ロシアがネット世論操作に用いているプロキシはよい見本である(https://www.newsweekjapan.jp/ichida/2020/08/post-5.php)。
日本だと政治知新などがプロキシに当たる。詳しくは日本のネット世論操作を参照(https://note.com/ichi_twnovel/n/n86b4e2069c6b)。

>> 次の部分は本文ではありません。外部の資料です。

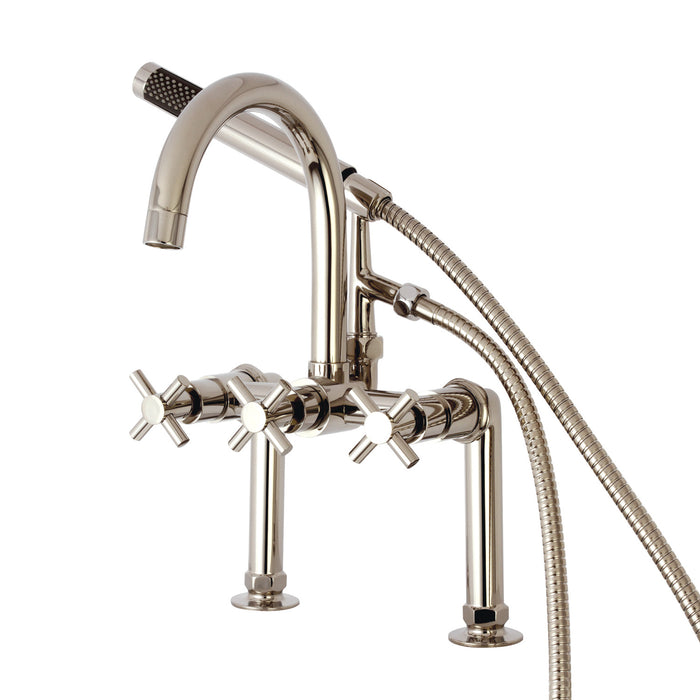 Kingston Sona AE8106DX - Concord Three-Handle 2-Hole Deck-Mount Clawfoot Tub Faucet with Hand Shower, Polished Nickel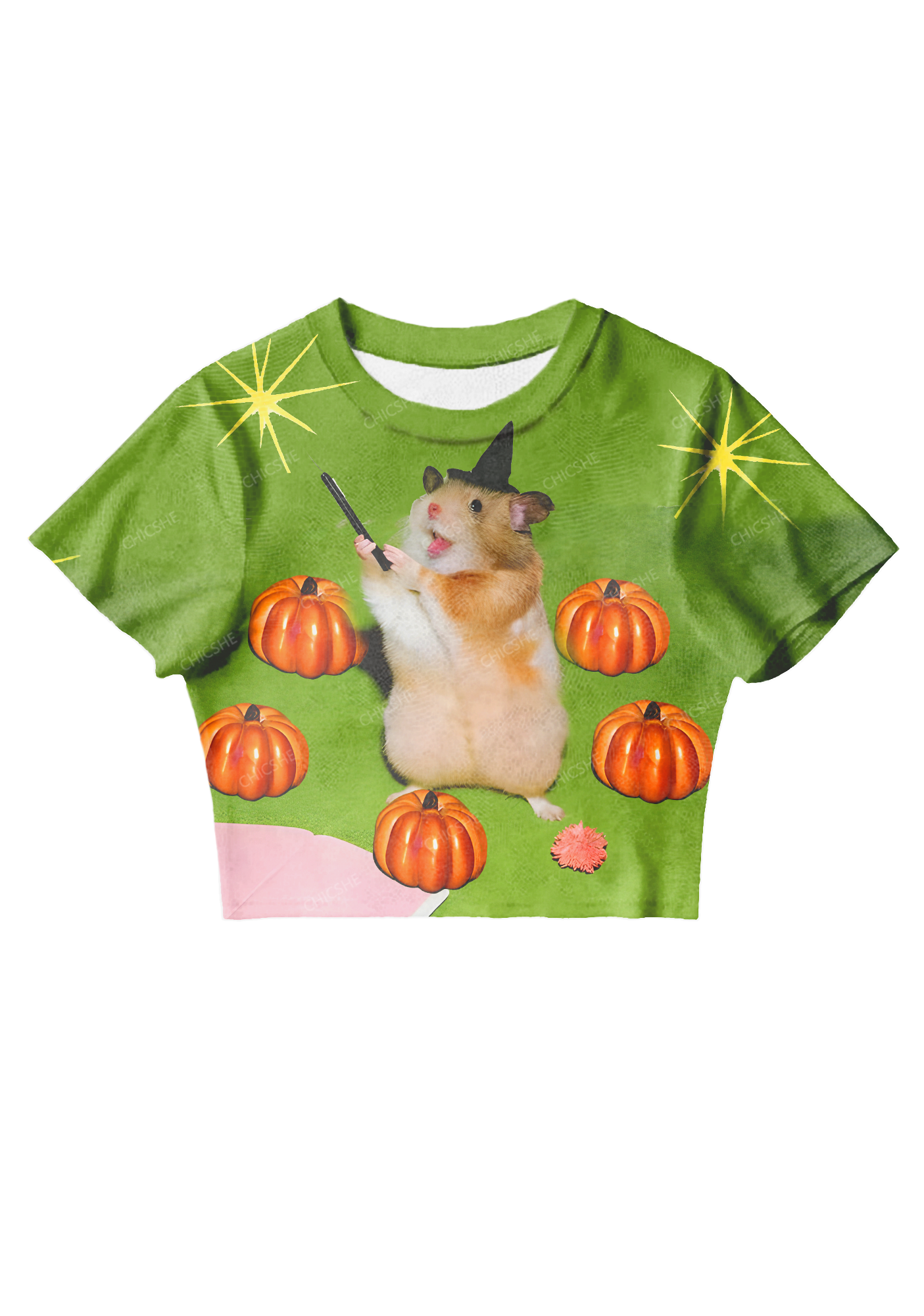 Chicshe Pumpkin Wizard Rat Y2K Mesh Crop Top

これらのプロキシは、それぞれがアクセスを稼ぎ、会員を募ることで広告収入や会員からの収入を得ることができる。収入を公開し、独裁者のメッセージを拡散すると儲かるというイメージを広げることも重要だ。そこからサードアクターが参入してくる。

・サードアクター
サードアクターは独裁者とは無関係ながらもその主張などを拡散、同調してくれる個人もしくはグループである。主張に共感した場合もあるが、アクセスを稼ぎ、収入につなげることが目的のこともある。後者は増えれば増えるほど効果があがるので、積極的に取り込んでゆきたい。そのためには、プロキシの収益を向上させることが重要となる。
厳密に言うと、サードアクターもプロキシの一種と言えるが、管理上自ら仕掛けたものと外部から参加してきたものを分ける必要がある。

・支持者
支持者は直接の支持者とプロキシの会員の両方を指す。どちらも専用アプリやワレットで囲い込むことが重要。

重要なのは多くの会員を持ち、アクセスの多いプロキシを持つことであるが、ゼロから自分で立ち上げる方法、既存のものを買収する方法などがある。

よき独裁者たらんことを!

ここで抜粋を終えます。